The woman should have gotten her child out of the store ASAP--possibly rapidly dropping her unpaid for items at the customer service desk, and quickly asking them to just hold them, if they were really important to her.

Other customers should not have been forced to endure her out-of-control child, nor should she have over-reacted to a request to quiet the child down. When your child is in that state, in a store or restaurant, you really have to remove them from the situation and deal with it privately, both for the child's sake, as well as for the benefit of others who are being disturbed by the child's unruliness.

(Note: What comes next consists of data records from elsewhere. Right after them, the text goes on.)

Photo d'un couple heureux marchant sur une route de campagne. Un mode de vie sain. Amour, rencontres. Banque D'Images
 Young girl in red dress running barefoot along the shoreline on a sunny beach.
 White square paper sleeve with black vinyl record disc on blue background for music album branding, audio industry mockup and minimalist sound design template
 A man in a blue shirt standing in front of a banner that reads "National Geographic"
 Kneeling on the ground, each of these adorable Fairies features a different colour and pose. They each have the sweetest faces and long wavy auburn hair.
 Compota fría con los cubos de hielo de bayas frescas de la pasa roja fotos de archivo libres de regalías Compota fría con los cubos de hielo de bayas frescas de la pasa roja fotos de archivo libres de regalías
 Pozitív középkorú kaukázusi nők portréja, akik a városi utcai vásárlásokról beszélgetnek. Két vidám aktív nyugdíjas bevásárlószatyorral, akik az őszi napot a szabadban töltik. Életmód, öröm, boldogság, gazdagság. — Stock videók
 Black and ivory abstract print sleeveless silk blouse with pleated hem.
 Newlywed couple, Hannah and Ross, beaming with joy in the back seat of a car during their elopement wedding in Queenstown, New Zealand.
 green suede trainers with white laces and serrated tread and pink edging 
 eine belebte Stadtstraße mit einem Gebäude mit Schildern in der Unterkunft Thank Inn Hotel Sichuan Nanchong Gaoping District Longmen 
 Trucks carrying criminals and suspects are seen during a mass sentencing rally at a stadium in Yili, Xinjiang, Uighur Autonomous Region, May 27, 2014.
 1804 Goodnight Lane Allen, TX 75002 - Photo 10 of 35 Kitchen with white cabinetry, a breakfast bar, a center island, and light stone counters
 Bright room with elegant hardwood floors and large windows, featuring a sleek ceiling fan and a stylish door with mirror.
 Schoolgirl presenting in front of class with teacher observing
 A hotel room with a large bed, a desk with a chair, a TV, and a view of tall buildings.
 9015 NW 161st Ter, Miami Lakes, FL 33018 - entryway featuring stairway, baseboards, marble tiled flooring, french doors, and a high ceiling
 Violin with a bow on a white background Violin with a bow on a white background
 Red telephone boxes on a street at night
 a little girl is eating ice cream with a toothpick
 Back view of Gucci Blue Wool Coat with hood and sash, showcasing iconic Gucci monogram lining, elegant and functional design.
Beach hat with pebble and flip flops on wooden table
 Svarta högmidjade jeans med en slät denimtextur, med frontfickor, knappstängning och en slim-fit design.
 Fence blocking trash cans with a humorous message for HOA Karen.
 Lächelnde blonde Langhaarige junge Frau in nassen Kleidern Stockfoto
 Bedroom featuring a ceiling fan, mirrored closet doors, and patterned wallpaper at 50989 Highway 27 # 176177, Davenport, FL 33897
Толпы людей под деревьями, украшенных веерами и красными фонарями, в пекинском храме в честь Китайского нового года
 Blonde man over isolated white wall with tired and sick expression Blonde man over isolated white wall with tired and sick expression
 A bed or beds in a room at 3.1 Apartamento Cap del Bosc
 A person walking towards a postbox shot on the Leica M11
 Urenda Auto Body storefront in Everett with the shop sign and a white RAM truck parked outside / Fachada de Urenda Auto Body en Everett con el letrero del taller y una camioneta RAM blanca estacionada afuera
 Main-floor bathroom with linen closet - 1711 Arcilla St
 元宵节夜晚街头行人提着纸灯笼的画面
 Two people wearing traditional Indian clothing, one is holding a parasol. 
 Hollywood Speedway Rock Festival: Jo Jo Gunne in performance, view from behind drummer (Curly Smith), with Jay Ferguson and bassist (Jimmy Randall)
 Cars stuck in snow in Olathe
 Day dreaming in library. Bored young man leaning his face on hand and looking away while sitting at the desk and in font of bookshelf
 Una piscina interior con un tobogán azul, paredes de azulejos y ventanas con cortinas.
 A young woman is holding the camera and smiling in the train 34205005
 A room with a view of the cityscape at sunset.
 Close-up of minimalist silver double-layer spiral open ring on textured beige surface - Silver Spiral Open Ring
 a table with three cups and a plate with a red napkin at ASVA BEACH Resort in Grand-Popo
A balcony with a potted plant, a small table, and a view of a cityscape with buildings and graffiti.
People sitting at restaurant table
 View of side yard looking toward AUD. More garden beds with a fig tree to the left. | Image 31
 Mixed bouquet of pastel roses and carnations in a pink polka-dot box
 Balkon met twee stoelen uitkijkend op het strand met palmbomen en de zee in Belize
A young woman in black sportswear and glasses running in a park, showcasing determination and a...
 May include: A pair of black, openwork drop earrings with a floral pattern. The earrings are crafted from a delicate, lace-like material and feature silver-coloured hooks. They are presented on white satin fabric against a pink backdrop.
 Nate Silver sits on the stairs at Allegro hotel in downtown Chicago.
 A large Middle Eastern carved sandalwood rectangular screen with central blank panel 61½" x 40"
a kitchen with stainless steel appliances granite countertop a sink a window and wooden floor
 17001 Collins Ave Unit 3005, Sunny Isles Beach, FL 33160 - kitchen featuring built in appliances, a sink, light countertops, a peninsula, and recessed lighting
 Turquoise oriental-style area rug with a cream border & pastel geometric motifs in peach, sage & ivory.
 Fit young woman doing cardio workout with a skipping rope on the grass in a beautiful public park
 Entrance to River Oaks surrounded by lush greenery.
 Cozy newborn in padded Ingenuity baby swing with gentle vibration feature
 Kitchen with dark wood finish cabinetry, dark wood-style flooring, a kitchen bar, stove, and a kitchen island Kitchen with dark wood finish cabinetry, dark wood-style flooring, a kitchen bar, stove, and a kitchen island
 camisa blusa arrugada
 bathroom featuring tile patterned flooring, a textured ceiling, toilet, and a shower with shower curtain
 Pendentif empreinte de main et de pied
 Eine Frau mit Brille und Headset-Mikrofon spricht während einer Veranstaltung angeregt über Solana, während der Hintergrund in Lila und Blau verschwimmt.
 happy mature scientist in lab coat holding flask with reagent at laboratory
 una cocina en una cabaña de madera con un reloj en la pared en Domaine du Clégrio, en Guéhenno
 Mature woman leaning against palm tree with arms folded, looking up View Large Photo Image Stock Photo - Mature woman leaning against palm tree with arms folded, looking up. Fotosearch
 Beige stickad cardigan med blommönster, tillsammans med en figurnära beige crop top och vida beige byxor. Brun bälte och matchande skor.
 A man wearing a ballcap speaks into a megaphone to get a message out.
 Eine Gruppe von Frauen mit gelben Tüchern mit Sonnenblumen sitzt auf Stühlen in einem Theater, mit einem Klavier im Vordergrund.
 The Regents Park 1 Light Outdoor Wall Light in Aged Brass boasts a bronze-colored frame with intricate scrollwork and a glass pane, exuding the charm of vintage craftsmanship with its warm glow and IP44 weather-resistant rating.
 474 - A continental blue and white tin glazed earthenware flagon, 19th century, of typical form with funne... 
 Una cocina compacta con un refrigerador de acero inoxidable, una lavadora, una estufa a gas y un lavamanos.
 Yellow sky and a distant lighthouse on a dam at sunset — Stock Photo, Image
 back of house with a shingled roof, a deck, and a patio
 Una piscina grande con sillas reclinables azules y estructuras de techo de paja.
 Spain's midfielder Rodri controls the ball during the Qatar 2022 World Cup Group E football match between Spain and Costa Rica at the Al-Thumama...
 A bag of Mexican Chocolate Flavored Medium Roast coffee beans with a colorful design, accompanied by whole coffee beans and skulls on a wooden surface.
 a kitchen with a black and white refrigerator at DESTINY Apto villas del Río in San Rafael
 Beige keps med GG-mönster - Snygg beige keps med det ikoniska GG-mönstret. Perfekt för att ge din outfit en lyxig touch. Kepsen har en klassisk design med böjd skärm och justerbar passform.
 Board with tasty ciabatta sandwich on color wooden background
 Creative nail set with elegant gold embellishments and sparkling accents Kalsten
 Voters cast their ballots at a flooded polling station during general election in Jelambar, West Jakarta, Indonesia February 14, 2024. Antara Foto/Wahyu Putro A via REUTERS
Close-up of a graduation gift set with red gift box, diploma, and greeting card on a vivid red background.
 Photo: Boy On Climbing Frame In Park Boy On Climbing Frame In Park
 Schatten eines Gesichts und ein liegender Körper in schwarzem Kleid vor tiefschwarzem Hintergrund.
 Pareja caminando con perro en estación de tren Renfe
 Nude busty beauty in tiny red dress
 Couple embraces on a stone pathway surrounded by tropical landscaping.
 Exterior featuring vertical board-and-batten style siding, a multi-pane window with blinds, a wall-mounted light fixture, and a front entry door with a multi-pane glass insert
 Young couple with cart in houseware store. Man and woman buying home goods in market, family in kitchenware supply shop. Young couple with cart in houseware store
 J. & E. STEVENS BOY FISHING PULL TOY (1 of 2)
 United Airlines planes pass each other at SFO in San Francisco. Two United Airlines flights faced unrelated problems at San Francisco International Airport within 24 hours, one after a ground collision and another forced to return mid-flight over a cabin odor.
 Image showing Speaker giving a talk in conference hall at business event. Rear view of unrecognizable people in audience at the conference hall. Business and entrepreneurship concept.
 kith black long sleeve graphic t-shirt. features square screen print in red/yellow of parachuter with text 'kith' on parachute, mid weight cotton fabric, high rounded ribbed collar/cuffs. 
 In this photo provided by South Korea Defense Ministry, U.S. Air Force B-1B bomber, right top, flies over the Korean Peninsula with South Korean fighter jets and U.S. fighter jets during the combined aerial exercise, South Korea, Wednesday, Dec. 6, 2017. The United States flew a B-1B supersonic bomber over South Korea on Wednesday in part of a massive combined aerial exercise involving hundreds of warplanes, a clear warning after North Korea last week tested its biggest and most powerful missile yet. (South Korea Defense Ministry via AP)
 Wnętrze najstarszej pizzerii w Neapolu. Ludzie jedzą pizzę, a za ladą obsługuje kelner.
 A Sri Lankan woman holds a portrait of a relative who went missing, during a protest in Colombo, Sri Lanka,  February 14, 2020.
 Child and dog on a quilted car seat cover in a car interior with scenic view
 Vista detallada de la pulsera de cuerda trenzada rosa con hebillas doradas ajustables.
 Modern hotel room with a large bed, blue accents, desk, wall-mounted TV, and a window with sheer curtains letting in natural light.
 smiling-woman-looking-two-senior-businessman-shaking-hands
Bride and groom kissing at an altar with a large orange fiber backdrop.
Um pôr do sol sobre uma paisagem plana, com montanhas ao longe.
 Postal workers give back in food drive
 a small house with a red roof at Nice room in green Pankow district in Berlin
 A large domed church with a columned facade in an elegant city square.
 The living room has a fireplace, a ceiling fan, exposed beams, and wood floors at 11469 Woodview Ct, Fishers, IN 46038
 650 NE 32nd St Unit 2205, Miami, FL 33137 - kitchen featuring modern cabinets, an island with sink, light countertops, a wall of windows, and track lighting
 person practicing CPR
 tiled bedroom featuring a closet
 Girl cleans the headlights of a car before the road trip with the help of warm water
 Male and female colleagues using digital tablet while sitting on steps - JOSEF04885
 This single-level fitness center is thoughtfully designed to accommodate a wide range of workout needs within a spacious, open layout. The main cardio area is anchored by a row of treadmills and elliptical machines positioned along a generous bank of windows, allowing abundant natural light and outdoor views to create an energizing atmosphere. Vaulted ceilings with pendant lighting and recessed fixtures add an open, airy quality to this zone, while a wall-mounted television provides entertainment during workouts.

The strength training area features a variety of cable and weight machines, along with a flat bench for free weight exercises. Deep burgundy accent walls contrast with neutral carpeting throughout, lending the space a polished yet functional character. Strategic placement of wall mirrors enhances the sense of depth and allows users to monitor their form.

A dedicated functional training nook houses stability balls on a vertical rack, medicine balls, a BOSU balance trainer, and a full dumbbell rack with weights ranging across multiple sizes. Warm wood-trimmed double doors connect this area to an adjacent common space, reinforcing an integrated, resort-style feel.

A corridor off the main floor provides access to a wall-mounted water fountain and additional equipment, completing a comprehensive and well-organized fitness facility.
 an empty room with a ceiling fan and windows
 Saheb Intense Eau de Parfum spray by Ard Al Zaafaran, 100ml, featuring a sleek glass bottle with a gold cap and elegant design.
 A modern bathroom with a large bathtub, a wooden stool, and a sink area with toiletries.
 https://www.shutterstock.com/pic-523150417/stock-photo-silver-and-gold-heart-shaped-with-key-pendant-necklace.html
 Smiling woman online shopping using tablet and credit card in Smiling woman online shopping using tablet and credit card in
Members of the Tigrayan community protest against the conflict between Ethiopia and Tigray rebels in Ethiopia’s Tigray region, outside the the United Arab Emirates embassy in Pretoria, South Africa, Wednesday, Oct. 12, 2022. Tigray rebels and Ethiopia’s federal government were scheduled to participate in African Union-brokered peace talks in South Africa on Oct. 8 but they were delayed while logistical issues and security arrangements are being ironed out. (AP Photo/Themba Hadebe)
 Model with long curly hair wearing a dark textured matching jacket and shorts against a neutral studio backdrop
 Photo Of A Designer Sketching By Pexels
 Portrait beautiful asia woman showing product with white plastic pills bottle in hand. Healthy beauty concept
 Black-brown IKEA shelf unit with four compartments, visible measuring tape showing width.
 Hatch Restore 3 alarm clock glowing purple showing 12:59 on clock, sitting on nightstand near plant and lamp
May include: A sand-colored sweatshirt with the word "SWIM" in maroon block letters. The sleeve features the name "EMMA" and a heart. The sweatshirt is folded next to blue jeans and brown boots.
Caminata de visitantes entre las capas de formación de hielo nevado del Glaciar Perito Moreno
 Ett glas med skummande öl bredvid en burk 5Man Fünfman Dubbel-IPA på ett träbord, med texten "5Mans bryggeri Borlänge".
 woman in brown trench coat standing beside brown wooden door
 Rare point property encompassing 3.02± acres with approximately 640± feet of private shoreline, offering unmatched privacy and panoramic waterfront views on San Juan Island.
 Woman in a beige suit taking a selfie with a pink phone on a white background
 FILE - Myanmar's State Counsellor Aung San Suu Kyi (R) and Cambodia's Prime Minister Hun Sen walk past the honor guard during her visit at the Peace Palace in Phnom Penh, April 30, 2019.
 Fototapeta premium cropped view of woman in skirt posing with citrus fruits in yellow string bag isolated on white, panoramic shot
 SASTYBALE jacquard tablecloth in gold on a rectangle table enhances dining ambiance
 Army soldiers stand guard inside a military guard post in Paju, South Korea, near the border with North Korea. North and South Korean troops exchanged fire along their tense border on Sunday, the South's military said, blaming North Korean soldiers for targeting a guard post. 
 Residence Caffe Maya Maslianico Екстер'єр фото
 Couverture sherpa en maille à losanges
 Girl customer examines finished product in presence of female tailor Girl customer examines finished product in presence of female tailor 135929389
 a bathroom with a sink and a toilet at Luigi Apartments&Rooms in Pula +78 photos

I don't think the other woman made an unreasonable request. Just following that other woman to her car, let alone punching her in the face, are both very inappropriate, and the mother and child may both have serious anger management issues. In a child, that's part of their emotional and developmental immaturity. An adult has no such acceptable excuse.

There's road rage, and now there's apparently shopping rage too?

I hope they find this woman and hold her accountable for assault. She needs to learn to control herself.